▶ **The data**
□ □ □ □ □ □ □
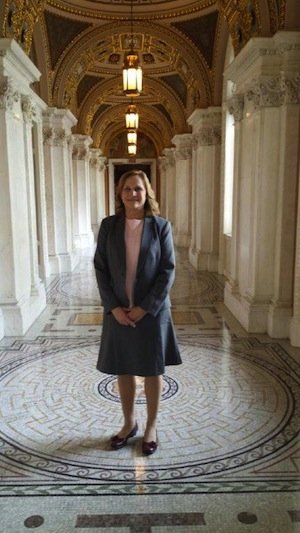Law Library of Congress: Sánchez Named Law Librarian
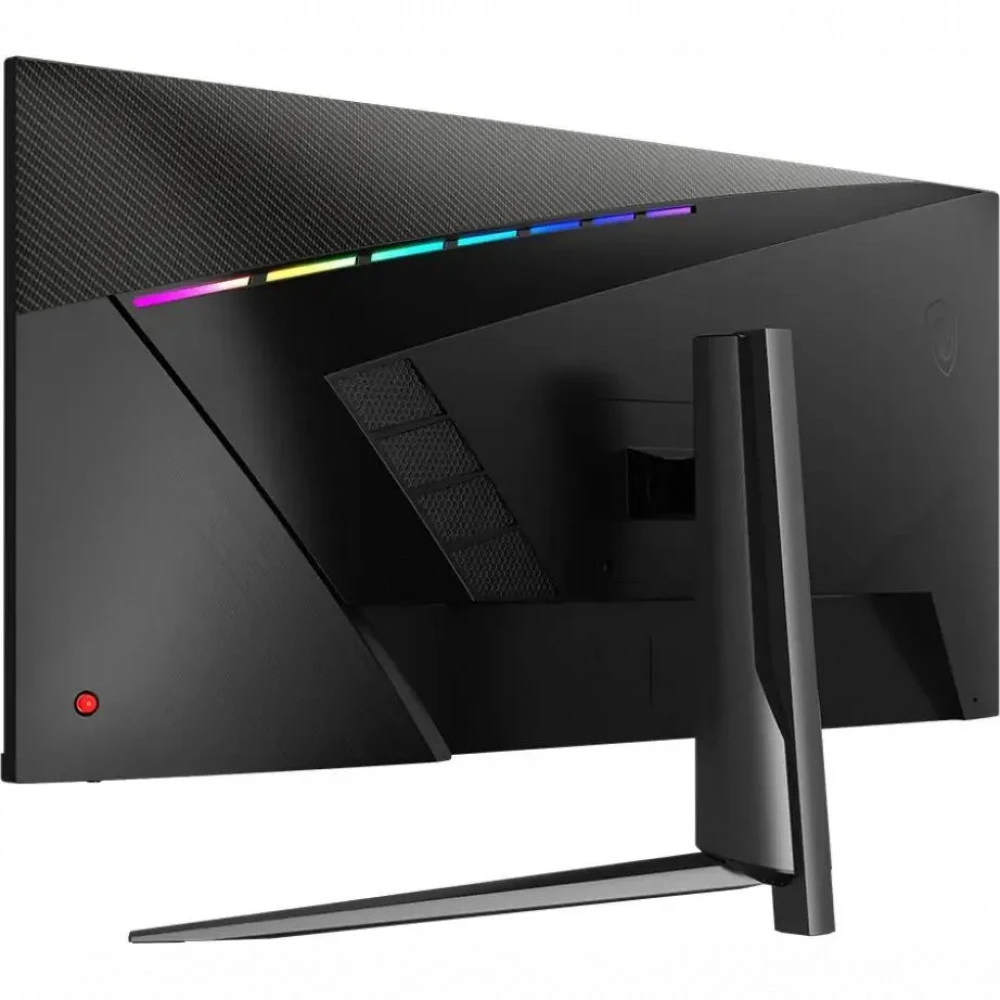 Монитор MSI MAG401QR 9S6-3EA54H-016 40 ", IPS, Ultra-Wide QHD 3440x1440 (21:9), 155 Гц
□ □ □ □ □ □ □
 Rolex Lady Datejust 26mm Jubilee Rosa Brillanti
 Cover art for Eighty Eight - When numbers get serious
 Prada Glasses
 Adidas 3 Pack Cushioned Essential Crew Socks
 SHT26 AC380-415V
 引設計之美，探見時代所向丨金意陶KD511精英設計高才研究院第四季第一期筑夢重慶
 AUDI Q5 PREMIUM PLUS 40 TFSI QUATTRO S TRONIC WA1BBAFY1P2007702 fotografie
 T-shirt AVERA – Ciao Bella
□ □ □ □ □ □ □
▶ **Problem statement**
Return a word-for-word copy of the lines above from the one holding "引設計之美，探見時代所" through the one holding "T-shirt AVERA – Ciao Bella", with both of them included and nothing besides.

▶ **Result**
 引設計之美，探見時代所向丨金意陶KD511精英設計高才研究院第四季第一期筑夢重慶
 AUDI Q5 PREMIUM PLUS 40 TFSI QUATTRO S TRONIC WA1BBAFY1P2007702 fotografie
 T-shirt AVERA – Ciao Bella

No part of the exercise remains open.